> _Work task_
What is wanted is an exact copy of all the entries.

═══ Entries provided ═══

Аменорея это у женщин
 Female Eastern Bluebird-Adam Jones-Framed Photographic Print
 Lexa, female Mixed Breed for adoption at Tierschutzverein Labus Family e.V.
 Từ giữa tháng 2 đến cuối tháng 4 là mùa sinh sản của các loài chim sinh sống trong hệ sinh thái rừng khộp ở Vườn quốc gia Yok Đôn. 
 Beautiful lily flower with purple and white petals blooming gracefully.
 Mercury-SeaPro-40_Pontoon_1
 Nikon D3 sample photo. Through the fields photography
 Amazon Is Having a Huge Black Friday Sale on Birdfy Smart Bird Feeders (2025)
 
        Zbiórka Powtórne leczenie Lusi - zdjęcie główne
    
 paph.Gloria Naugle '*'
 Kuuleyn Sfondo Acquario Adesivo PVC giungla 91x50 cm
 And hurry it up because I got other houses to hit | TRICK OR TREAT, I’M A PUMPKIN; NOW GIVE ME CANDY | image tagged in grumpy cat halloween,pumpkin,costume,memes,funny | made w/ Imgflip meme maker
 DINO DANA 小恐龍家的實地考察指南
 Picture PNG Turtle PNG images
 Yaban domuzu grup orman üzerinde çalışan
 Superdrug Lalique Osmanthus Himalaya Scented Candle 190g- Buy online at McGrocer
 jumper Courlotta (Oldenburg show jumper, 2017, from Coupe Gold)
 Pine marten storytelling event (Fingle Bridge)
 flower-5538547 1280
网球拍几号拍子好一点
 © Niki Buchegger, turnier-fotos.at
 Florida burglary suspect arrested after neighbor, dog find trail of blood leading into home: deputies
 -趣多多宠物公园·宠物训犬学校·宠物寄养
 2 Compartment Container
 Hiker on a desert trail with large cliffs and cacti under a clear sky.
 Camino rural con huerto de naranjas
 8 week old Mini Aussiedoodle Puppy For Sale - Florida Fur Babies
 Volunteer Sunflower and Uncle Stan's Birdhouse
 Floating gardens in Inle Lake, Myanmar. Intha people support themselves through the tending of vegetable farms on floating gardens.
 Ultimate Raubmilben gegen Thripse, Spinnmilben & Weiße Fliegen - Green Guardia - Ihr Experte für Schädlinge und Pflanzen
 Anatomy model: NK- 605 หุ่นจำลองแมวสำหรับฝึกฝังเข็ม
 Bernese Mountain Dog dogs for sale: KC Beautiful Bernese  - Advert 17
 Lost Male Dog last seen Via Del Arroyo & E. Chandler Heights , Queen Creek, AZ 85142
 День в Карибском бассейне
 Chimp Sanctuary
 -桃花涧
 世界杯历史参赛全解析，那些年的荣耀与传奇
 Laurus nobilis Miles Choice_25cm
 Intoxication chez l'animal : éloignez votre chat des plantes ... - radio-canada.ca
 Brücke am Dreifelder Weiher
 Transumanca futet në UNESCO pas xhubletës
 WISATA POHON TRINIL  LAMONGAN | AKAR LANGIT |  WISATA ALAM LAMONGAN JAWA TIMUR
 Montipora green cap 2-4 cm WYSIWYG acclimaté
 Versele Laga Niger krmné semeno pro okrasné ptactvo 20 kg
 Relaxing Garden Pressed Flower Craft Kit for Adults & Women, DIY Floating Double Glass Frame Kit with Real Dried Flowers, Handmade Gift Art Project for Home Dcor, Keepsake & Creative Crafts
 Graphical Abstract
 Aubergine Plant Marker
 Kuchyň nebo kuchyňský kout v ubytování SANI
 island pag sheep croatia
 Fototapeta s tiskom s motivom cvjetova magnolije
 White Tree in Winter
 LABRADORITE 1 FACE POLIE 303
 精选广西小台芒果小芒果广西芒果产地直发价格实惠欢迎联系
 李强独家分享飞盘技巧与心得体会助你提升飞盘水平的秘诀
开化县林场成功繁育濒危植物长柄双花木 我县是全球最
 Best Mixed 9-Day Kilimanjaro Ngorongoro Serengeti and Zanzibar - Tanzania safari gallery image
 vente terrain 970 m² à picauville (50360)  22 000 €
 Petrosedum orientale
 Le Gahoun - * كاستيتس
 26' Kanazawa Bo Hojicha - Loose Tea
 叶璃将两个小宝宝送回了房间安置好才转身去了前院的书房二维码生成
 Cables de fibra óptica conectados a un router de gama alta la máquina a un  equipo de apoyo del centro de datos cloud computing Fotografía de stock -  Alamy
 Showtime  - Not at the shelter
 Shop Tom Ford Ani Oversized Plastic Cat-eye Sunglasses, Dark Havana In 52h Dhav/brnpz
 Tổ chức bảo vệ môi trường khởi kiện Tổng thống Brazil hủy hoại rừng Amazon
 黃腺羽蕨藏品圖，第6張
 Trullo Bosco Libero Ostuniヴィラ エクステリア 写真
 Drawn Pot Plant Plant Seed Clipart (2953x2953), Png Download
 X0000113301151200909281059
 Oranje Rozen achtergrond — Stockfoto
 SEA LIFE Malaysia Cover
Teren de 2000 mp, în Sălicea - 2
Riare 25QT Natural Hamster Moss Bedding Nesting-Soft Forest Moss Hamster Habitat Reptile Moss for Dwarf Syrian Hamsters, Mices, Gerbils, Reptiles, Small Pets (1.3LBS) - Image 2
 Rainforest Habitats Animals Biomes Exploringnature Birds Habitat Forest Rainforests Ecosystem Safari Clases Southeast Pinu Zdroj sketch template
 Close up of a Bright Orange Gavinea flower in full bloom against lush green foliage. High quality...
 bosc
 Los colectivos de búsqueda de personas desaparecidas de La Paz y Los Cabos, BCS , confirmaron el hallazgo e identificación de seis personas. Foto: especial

═══

> _Output of the task_
Аменорея это у женщин
 Female Eastern Bluebird-Adam Jones-Framed Photographic Print
 Lexa, female Mixed Breed for adoption at Tierschutzverein Labus Family e.V.
 Từ giữa tháng 2 đến cuối tháng 4 là mùa sinh sản của các loài chim sinh sống trong hệ sinh thái rừng khộp ở Vườn quốc gia Yok Đôn. 
 Beautiful lily flower with purple and white petals blooming gracefully.
 Mercury-SeaPro-40_Pontoon_1
 Nikon D3 sample photo. Through the fields photography
 Amazon Is Having a Huge Black Friday Sale on Birdfy Smart Bird Feeders (2025)
 
        Zbiórka Powtórne leczenie Lusi - zdjęcie główne
    
 paph.Gloria Naugle '*'
 Kuuleyn Sfondo Acquario Adesivo PVC giungla 91x50 cm
 And hurry it up because I got other houses to hit | TRICK OR TREAT, I’M A PUMPKIN; NOW GIVE ME CANDY | image tagged in grumpy cat halloween,pumpkin,costume,memes,funny | made w/ Imgflip meme maker
 DINO DANA 小恐龍家的實地考察指南
 Picture PNG Turtle PNG images
 Yaban domuzu grup orman üzerinde çalışan
 Superdrug Lalique Osmanthus Himalaya Scented Candle 190g- Buy online at McGrocer
 jumper Courlotta (Oldenburg show jumper, 2017, from Coupe Gold)
 Pine marten storytelling event (Fingle Bridge)
 flower-5538547 1280
网球拍几号拍子好一点
 © Niki Buchegger, turnier-fotos.at
 Florida burglary suspect arrested after neighbor, dog find trail of blood leading into home: deputies
 -趣多多宠物公园·宠物训犬学校·宠物寄养
 2 Compartment Container
 Hiker on a desert trail with large cliffs and cacti under a clear sky.
 Camino rural con huerto de naranjas
 8 week old Mini Aussiedoodle Puppy For Sale - Florida Fur Babies
 Volunteer Sunflower and Uncle Stan's Birdhouse
 Floating gardens in Inle Lake, Myanmar. Intha people support themselves through the tending of vegetable farms on floating gardens.
 Ultimate Raubmilben gegen Thripse, Spinnmilben & Weiße Fliegen - Green Guardia - Ihr Experte für Schädlinge und Pflanzen
 Anatomy model: NK- 605 หุ่นจำลองแมวสำหรับฝึกฝังเข็ม
 Bernese Mountain Dog dogs for sale: KC Beautiful Bernese  - Advert 17
 Lost Male Dog last seen Via Del Arroyo & E. Chandler Heights , Queen Creek, AZ 85142
 День в Карибском бассейне
 Chimp Sanctuary
 -桃花涧
 世界杯历史参赛全解析，那些年的荣耀与传奇
 Laurus nobilis Miles Choice_25cm
 Intoxication chez l'animal : éloignez votre chat des plantes ... - radio-canada.ca
 Brücke am Dreifelder Weiher
 Transumanca futet në UNESCO pas xhubletës
 WISATA POHON TRINIL  LAMONGAN | AKAR LANGIT |  WISATA ALAM LAMONGAN JAWA TIMUR
 Montipora green cap 2-4 cm WYSIWYG acclimaté
 Versele Laga Niger krmné semeno pro okrasné ptactvo 20 kg
 Relaxing Garden Pressed Flower Craft Kit for Adults & Women, DIY Floating Double Glass Frame Kit with Real Dried Flowers, Handmade Gift Art Project for Home Dcor, Keepsake & Creative Crafts
 Graphical Abstract
 Aubergine Plant Marker
 Kuchyň nebo kuchyňský kout v ubytování SANI
 island pag sheep croatia
 Fototapeta s tiskom s motivom cvjetova magnolije
 White Tree in Winter
 LABRADORITE 1 FACE POLIE 303
 精选广西小台芒果小芒果广西芒果产地直发价格实惠欢迎联系
 李强独家分享飞盘技巧与心得体会助你提升飞盘水平的秘诀
开化县林场成功繁育濒危植物长柄双花木 我县是全球最
 Best Mixed 9-Day Kilimanjaro Ngorongoro Serengeti and Zanzibar - Tanzania safari gallery image
 vente terrain 970 m² à picauville (50360)  22 000 €
 Petrosedum orientale
 Le Gahoun - * كاستيتس
 26' Kanazawa Bo Hojicha - Loose Tea
 叶璃将两个小宝宝送回了房间安置好才转身去了前院的书房二维码生成
 Cables de fibra óptica conectados a un router de gama alta la máquina a un  equipo de apoyo del centro de datos cloud computing Fotografía de stock -  Alamy
 Showtime  - Not at the shelter
 Shop Tom Ford Ani Oversized Plastic Cat-eye Sunglasses, Dark Havana In 52h Dhav/brnpz
 Tổ chức bảo vệ môi trường khởi kiện Tổng thống Brazil hủy hoại rừng Amazon
 黃腺羽蕨藏品圖，第6張
 Trullo Bosco Libero Ostuniヴィラ エクステリア 写真
 Drawn Pot Plant Plant Seed Clipart (2953x2953), Png Download
 X0000113301151200909281059
 Oranje Rozen achtergrond — Stockfoto
 SEA LIFE Malaysia Cover
Teren de 2000 mp, în Sălicea - 2
Riare 25QT Natural Hamster Moss Bedding Nesting-Soft Forest Moss Hamster Habitat Reptile Moss for Dwarf Syrian Hamsters, Mices, Gerbils, Reptiles, Small Pets (1.3LBS) - Image 2
 Rainforest Habitats Animals Biomes Exploringnature Birds Habitat Forest Rainforests Ecosystem Safari Clases Southeast Pinu Zdroj sketch template
 Close up of a Bright Orange Gavinea flower in full bloom against lush green foliage. High quality...
 bosc
 Los colectivos de búsqueda de personas desaparecidas de La Paz y Los Cabos, BCS , confirmaron el hallazgo e identificación de seis personas. Foto: especial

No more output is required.